Understanding energy transport at the nanoscale is an open and fundamental challenge in the molecular sciences with direct implications for the design of new electronics, computing devices, and materials. While nanoscale energy transport under steady-state conditions has been studied extensively, there is much less known about energy transport under time-dependent driving forces, particularly in the far-from-equilibrium regime. In this work, we use nonequilibrium molecular dynamics simulations and stochastic thermodynamics to investigate energy transport in a well-studied nanoscale system, a molecular junction, subjected to a time-periodic temperature gradient. The primary observation is that molecular junctions can exhibit heat transport hysteresis, a phenomenon in which the heat flux through a system depends not only on the instantaneous value of a time-dependent temperature bias but also on the temporal history of that bias. The presented findings illustrate that molecular junctions can exhibit the specific memory effect, heat transport hysteresis, that is essential for the design of thermal neuromorphic computers. This work elucidates a potential pathway toward the realization of such devices.

Figures (12)

• Figure 1: Schematic diagram of an alkane molecular chain connecting two heat baths with time-dependent oscillating temperatures. The temperatures of the left and right baths, $T_\text{L}(t)$ and $T_\text{R}(t)$, are oscillatory as signified by the circular patterns representing each bath. The representative hysteresis curves in the bottom row illustrate the concept of hysteresis under thermal driving. The molecular simulation results presented in this paper often deviate from this simple hysteresis curve shape.

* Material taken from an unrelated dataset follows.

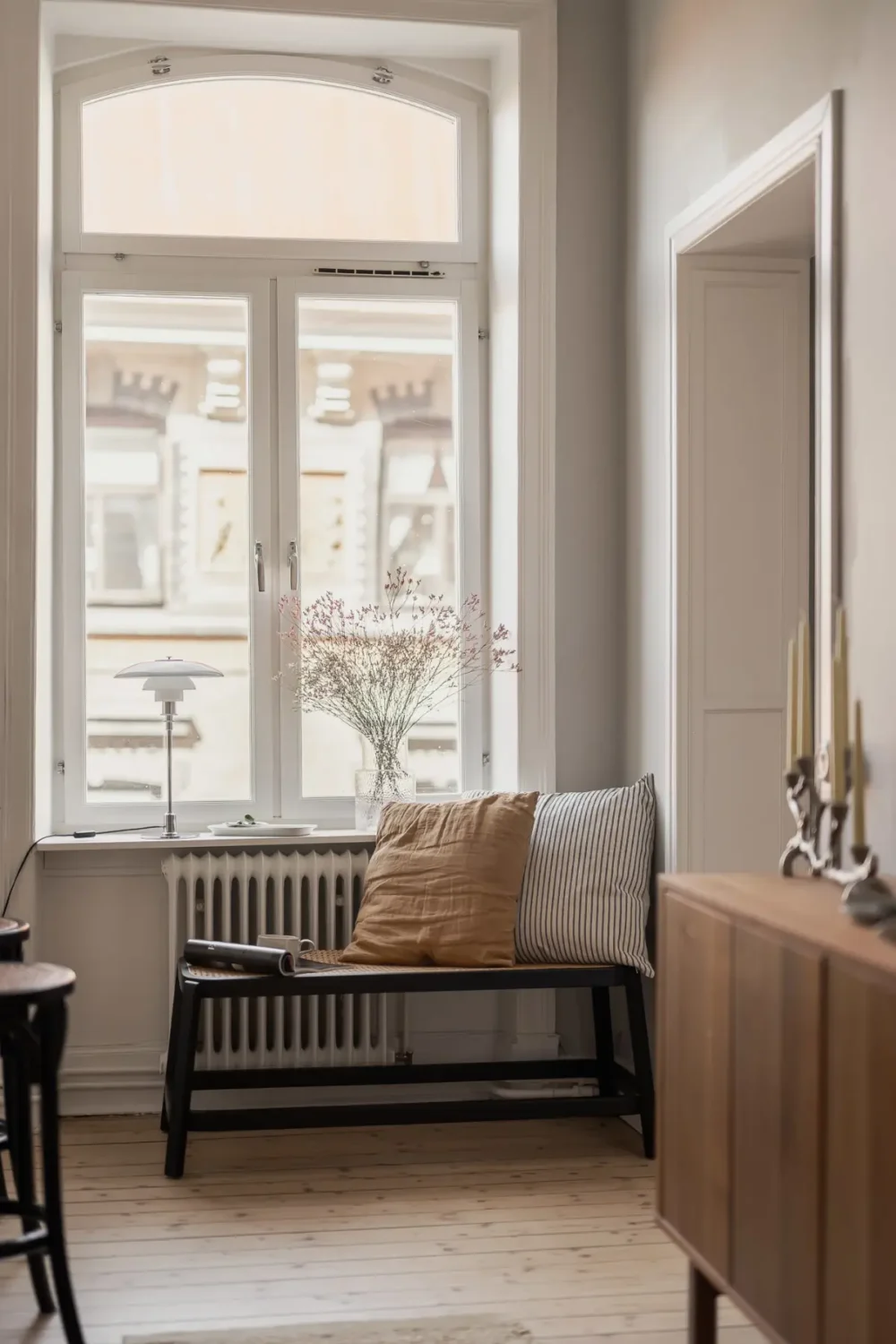 A Gray Scandinavian Apartment with a Royal History 16 window seat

• Figure 2: System energy flux as a function of temperature difference for an ethane molecular junction. The parameters in the model are $N =2$ (ethane), $\gamma_\text{L} \approx 0.05$, $\gamma_\text{R} \approx 0.05$, $T^{(0)}_\text{L} = 300$, $T^{(0)}_\text{R} = 300$, $\Delta T_\text{L} = 0$, $\Delta T_\text{R} = 30$, $\omega_\text{L} =0$, $\omega_\text{R} = 5$. All parameters throughout the article are given in AKMA units.
• Figure 3: System energy flux as a function of temperature difference for an ethane molecular junction. The parameters in the model are $N =2$ (ethane), $\gamma_\text{L} =1$, $\gamma_\text{R} =1$, $T^{(0)}_\text{L} = 300$, $T^{(0)}_\text{R} = 600$, $\Delta T_\text{L} = 0$, $\Delta T_\text{R} = 200$, $\omega_\text{L} =0$, $\omega_\text{R} = 20$. The results are shown over two oscillation periods.
• Figure 4: System energy flux as a function of temperature difference for an ethane molecular junction. The parameters in the model are $N =2$ (ethane), $\gamma_\text{L} \approx 0.05$, $\gamma_\text{R} \approx 0.05$, $T^{(0)}_\text{L} = 200$, $T^{(0)}_\text{R} = 300$, $\Delta T_\text{L} = 0$, $\Delta T_\text{R} = 50$, $\omega_\text{L} =0$, $\omega_\text{R} = 5$.
• Figure 5: System energy flux as a function of temperature difference for (a) a septane molecular junction and (b) a methane molecular junction. The parameters in (a) are $N =7$, $\gamma_\text{L} \approx 0.05$, $\gamma_\text{R} \approx 0.05$, $T^{(0)}_\text{L} = 300$, $T^{(0)}_\text{R} = 300$, $\Delta T_\text{L} = 0$, $\Delta T_\text{R} = 30$, $\omega_\text{L} =0$, $\omega_\text{R} = 5$. The data in (a) was vertically shifted by a factor $\Delta J_\text{sys}/\gamma k_\text{B} T = 0.014$. The parameters in (b) are $N =1$, $\gamma_\text{L} =0.1$, $\gamma_\text{R} =0.1$, $T^{(0)}_\text{L} = 300$, $T^{(0)}_\text{R} = 200$, $\Delta T_\text{L} = 0$, $\Delta T_\text{R} = 100$, $\omega_\text{L} =0$, $\omega_\text{R} = 10$.